**WORK TO COMPLETE:** Although the records contain pictures, print none of them; print exactly the lines from the one with "A decorative hair" through the last line.
──────── DATA TO EXAMINE
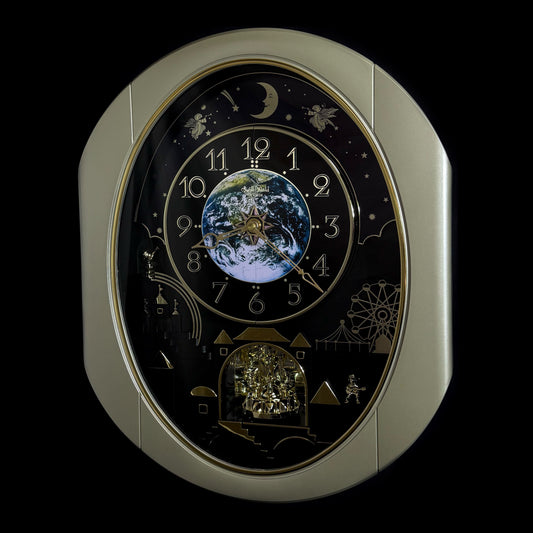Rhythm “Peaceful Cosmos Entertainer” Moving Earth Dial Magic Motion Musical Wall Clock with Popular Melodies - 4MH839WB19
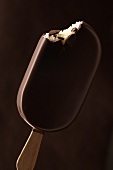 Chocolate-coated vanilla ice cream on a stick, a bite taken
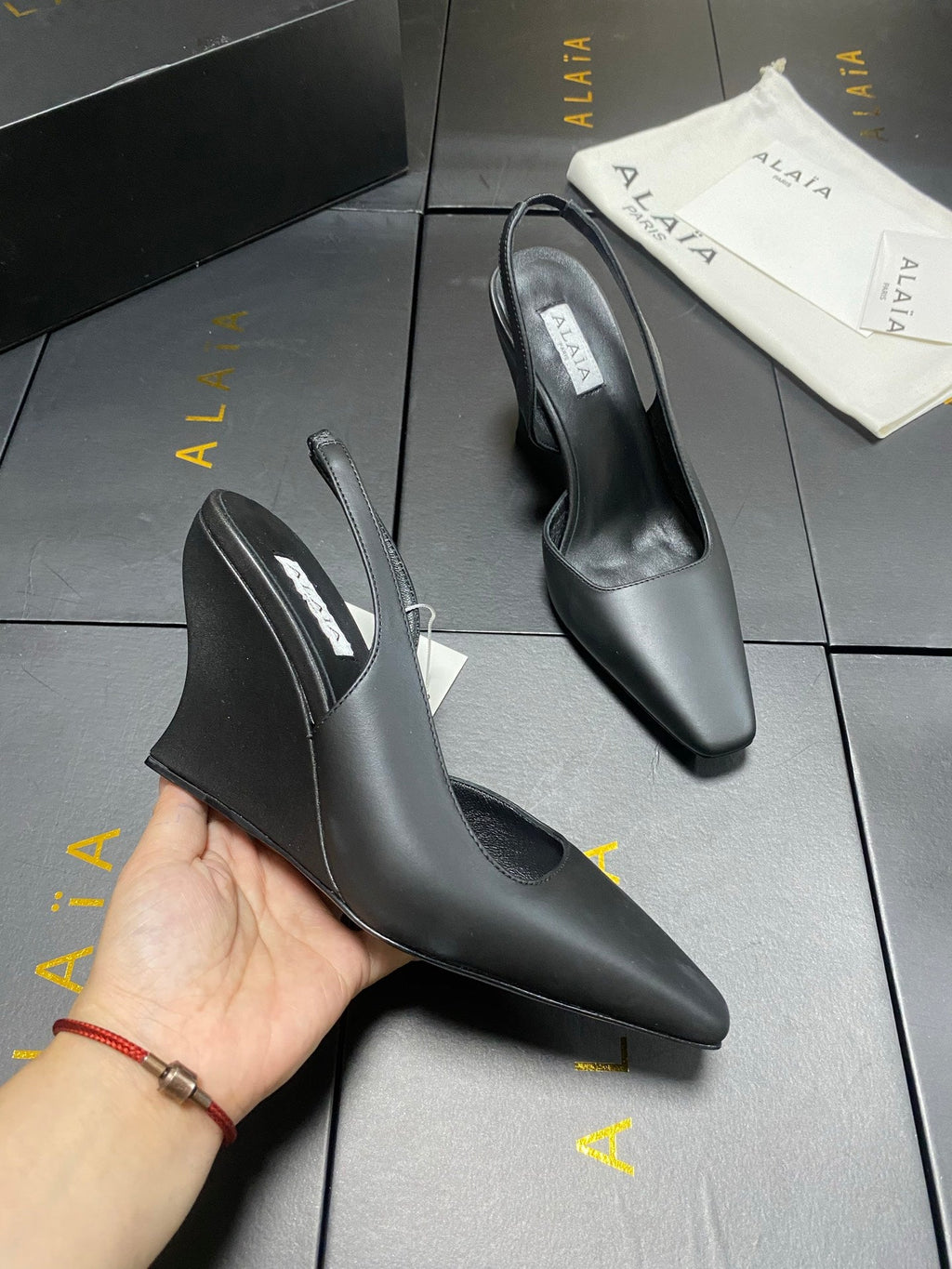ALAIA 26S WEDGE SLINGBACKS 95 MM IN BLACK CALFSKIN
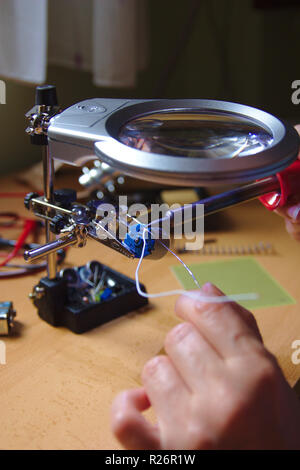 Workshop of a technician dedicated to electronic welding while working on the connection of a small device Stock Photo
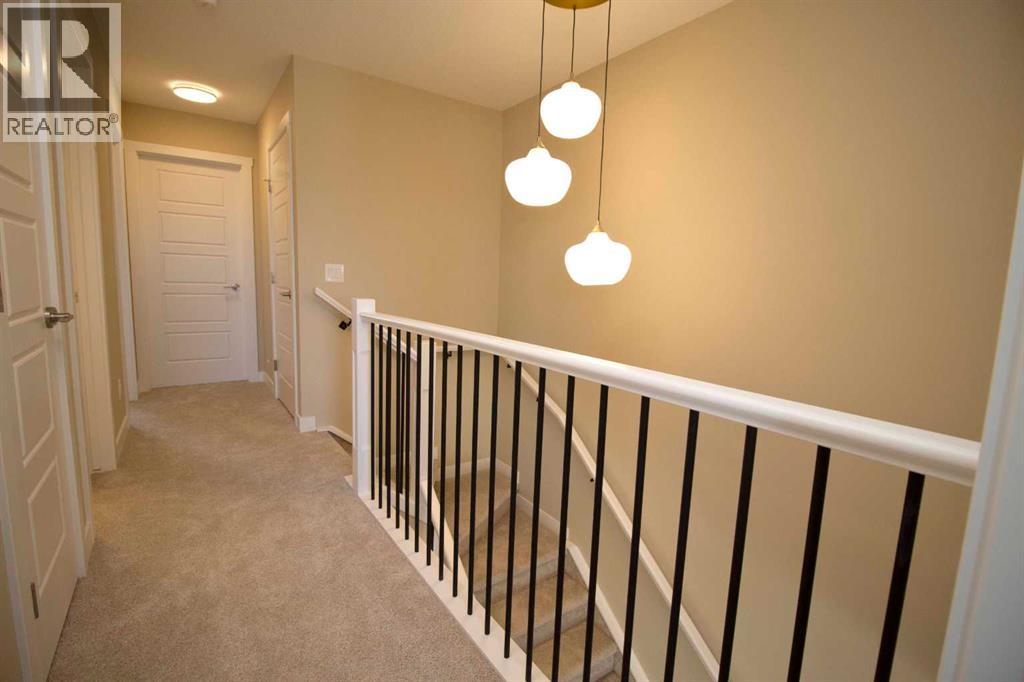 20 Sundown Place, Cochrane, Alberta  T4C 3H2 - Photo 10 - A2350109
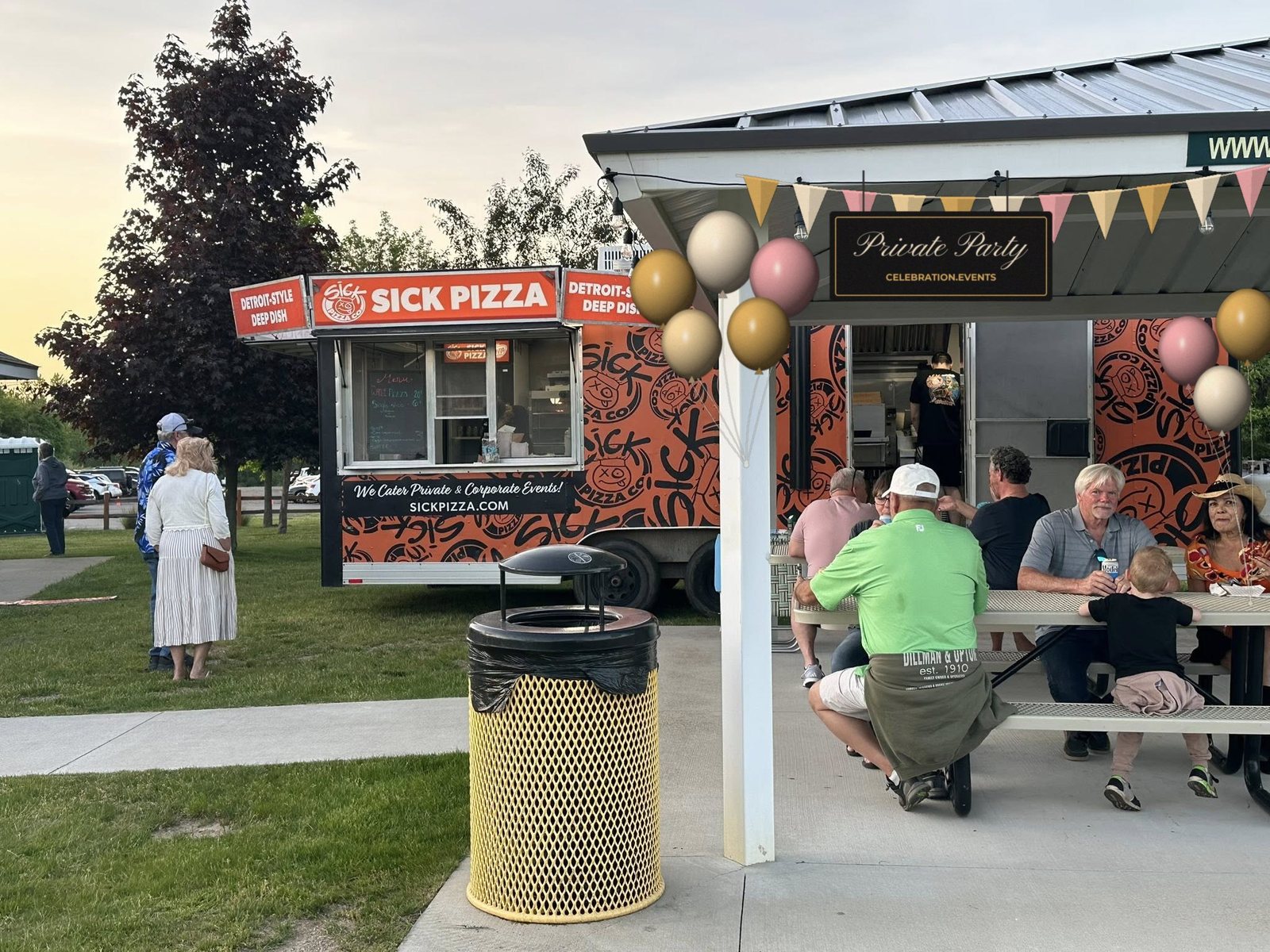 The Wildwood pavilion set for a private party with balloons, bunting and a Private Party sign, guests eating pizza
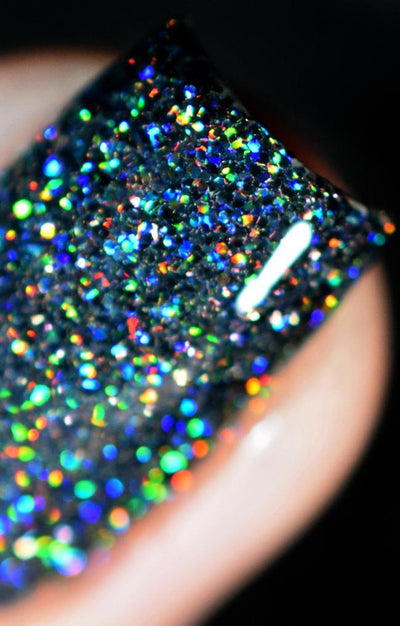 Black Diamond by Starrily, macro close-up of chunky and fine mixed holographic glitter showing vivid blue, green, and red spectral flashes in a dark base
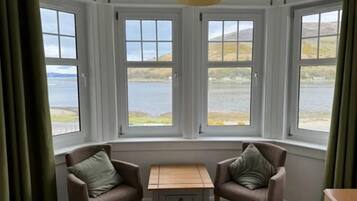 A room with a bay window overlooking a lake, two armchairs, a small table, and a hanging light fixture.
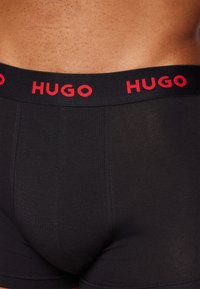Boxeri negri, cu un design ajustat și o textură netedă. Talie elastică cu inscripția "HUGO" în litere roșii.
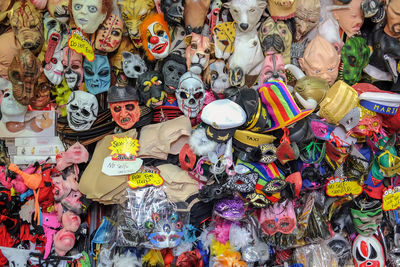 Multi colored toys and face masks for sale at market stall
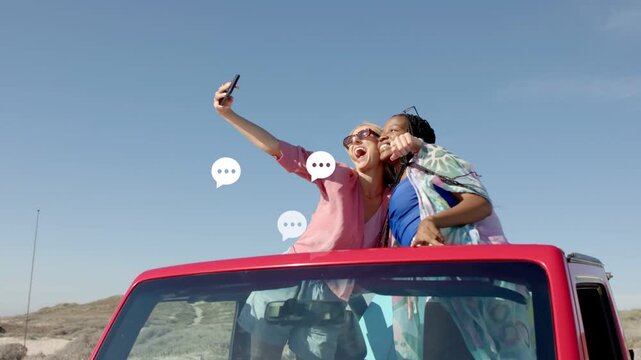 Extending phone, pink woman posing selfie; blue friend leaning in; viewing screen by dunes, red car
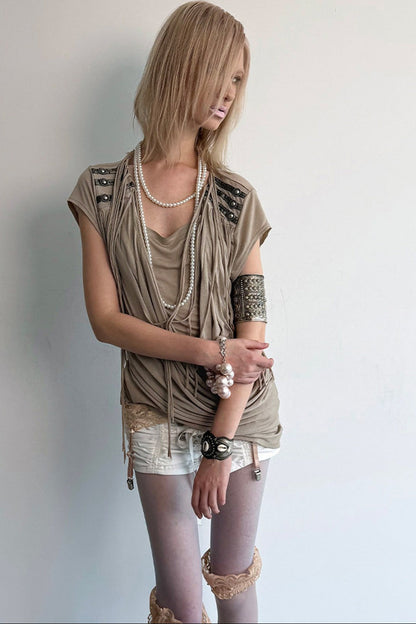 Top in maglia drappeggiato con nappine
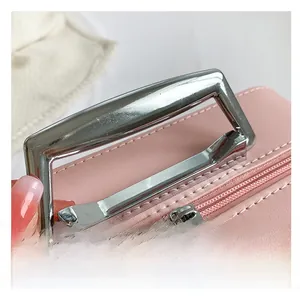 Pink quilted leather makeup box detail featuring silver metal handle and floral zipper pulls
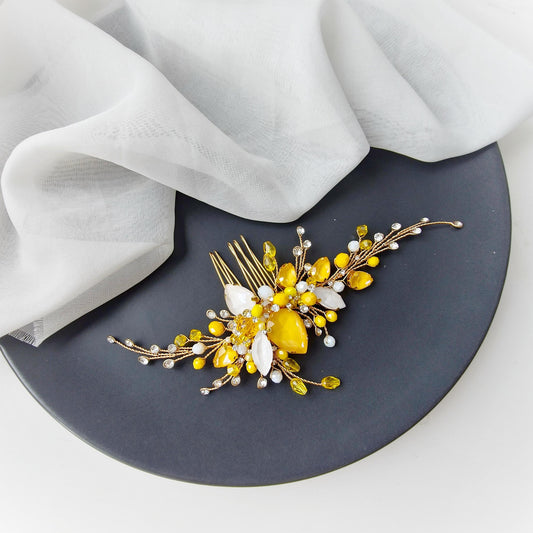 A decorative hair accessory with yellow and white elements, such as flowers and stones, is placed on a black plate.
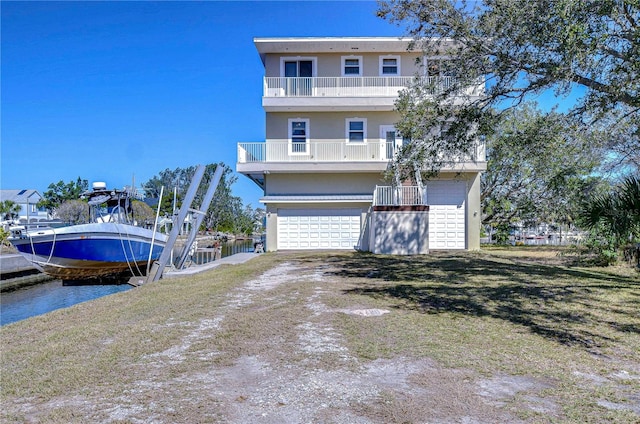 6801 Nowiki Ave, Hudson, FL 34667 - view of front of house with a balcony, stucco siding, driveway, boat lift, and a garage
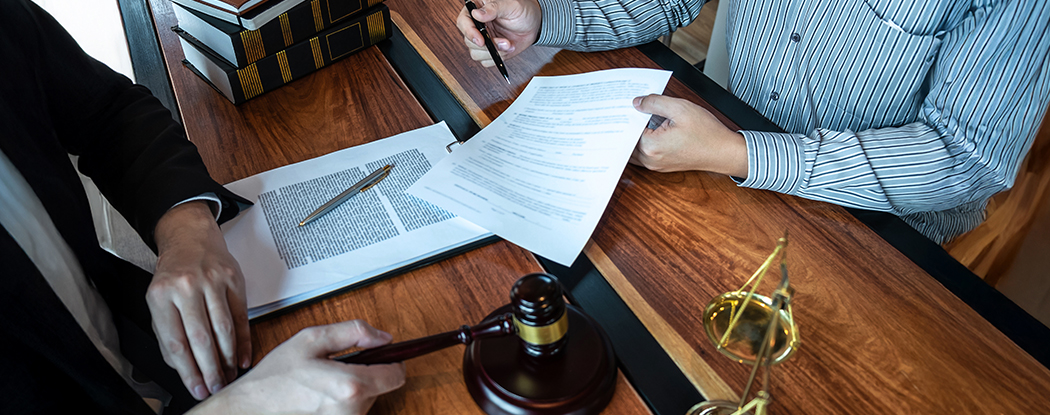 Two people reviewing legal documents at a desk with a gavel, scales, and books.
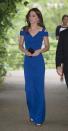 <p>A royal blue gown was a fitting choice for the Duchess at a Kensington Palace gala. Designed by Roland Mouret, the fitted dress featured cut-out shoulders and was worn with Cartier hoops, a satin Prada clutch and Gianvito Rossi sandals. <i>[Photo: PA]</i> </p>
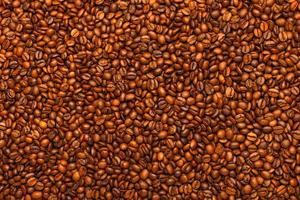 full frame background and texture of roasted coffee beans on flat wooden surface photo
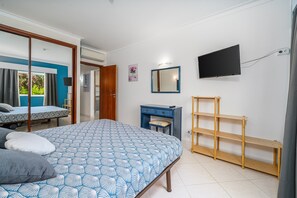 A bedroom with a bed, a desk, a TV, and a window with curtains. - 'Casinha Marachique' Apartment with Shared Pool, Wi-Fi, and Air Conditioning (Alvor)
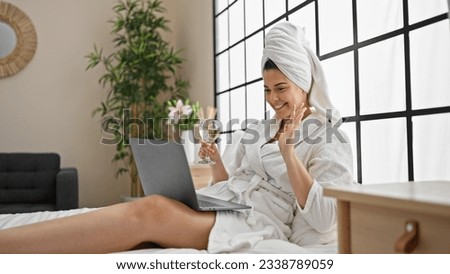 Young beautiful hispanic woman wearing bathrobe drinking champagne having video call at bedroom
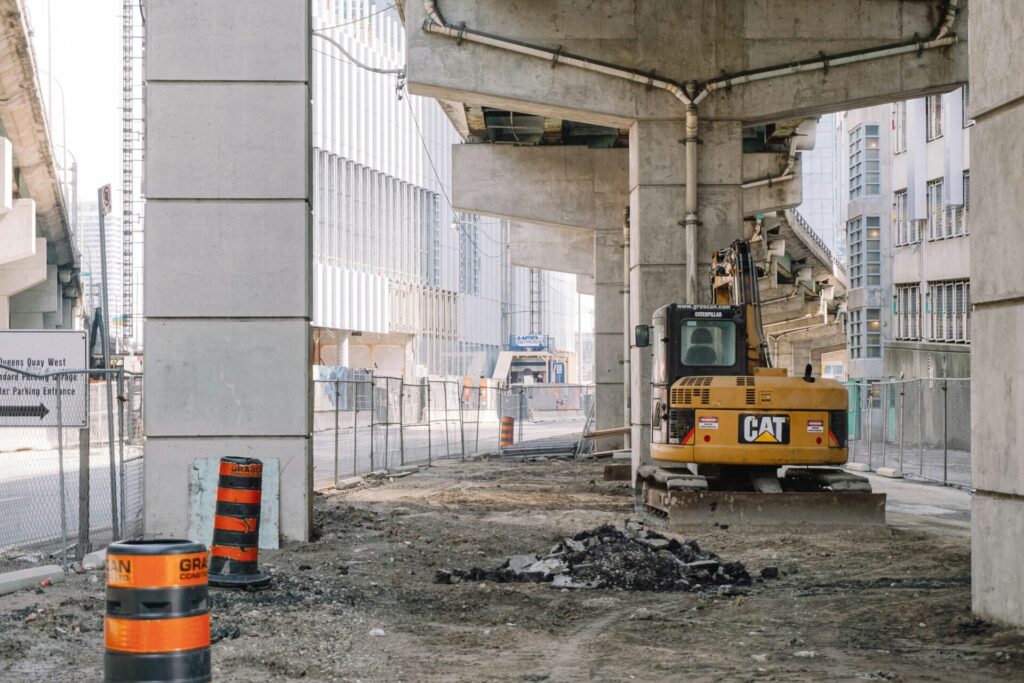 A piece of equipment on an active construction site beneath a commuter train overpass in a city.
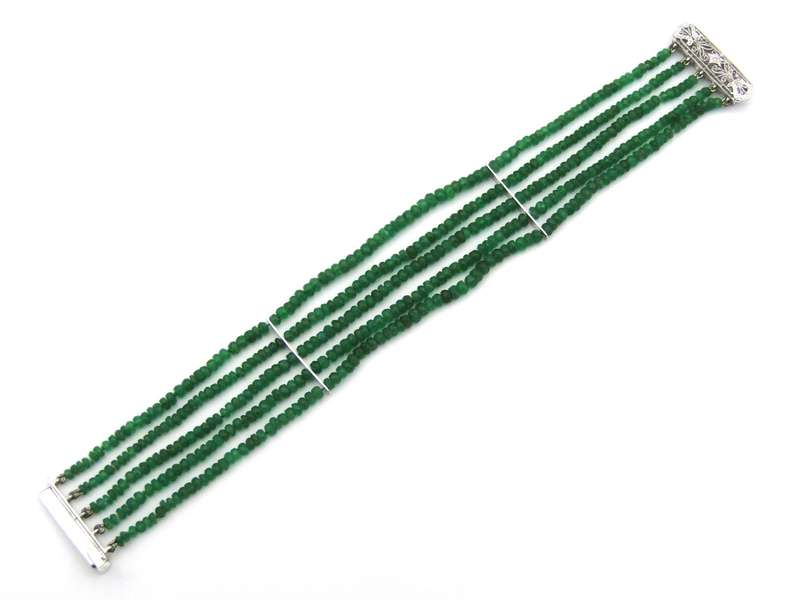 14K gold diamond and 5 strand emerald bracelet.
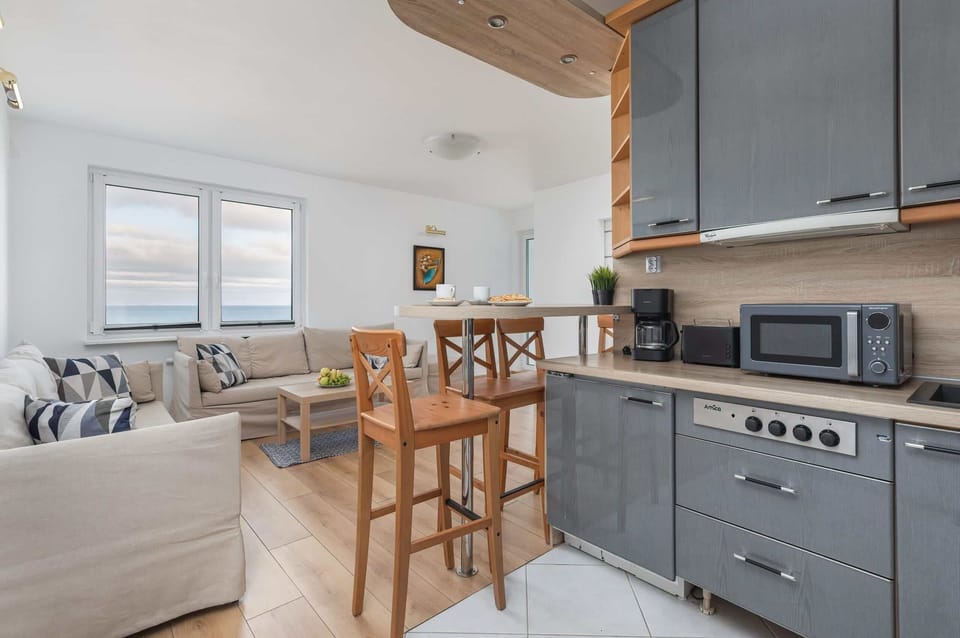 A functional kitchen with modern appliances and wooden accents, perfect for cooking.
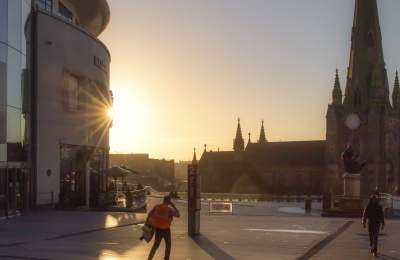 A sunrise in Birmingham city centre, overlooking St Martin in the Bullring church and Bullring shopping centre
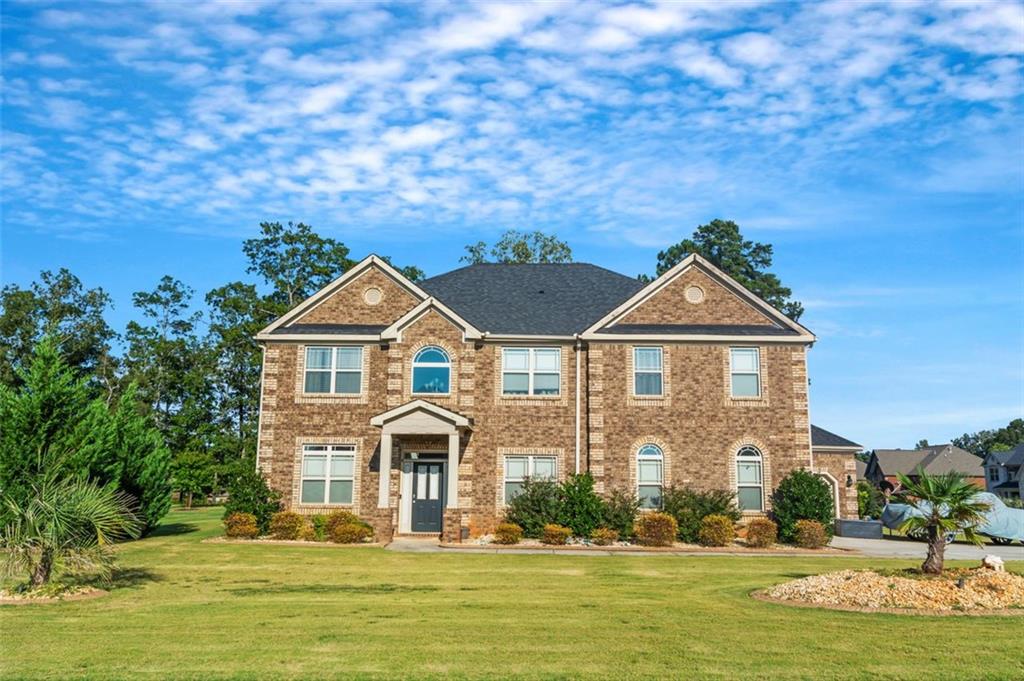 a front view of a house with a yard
────────────────
**ANSWER TO THIS TASK:**
 A decorative hair accessory with yellow and white elements, such as flowers and stones, is placed on a black plate.
 6801 Nowiki Ave, Hudson, FL 34667 - view of front of house with a balcony, stucco siding, driveway, boat lift, and a garage
 Two people reviewing legal documents at a desk with a gavel, scales, and books.
 <p>A royal blue gown was a fitting choice for the Duchess at a Kensington Palace gala. Designed by Roland Mouret, the fitted dress featured cut-out shoulders and was worn with Cartier hoops, a satin Prada clutch and Gianvito Rossi sandals. <i>[Photo: PA]</i> </p>
 full frame background and texture of roasted coffee beans on flat wooden surface photo
 A bedroom with a bed, a desk, a TV, and a window with curtains. - 'Casinha Marachique' Apartment with Shared Pool, Wi-Fi, and Air Conditioning (Alvor)
 Young beautiful hispanic woman wearing bathrobe drinking champagne having video call at bedroom
 A piece of equipment on an active construction site beneath a commuter train overpass in a city.
 14K gold diamond and 5 strand emerald bracelet.
 A functional kitchen with modern appliances and wooden accents, perfect for cooking.
 A sunrise in Birmingham city centre, overlooking St Martin in the Bullring church and Bullring shopping centre
 a front view of a house with a yard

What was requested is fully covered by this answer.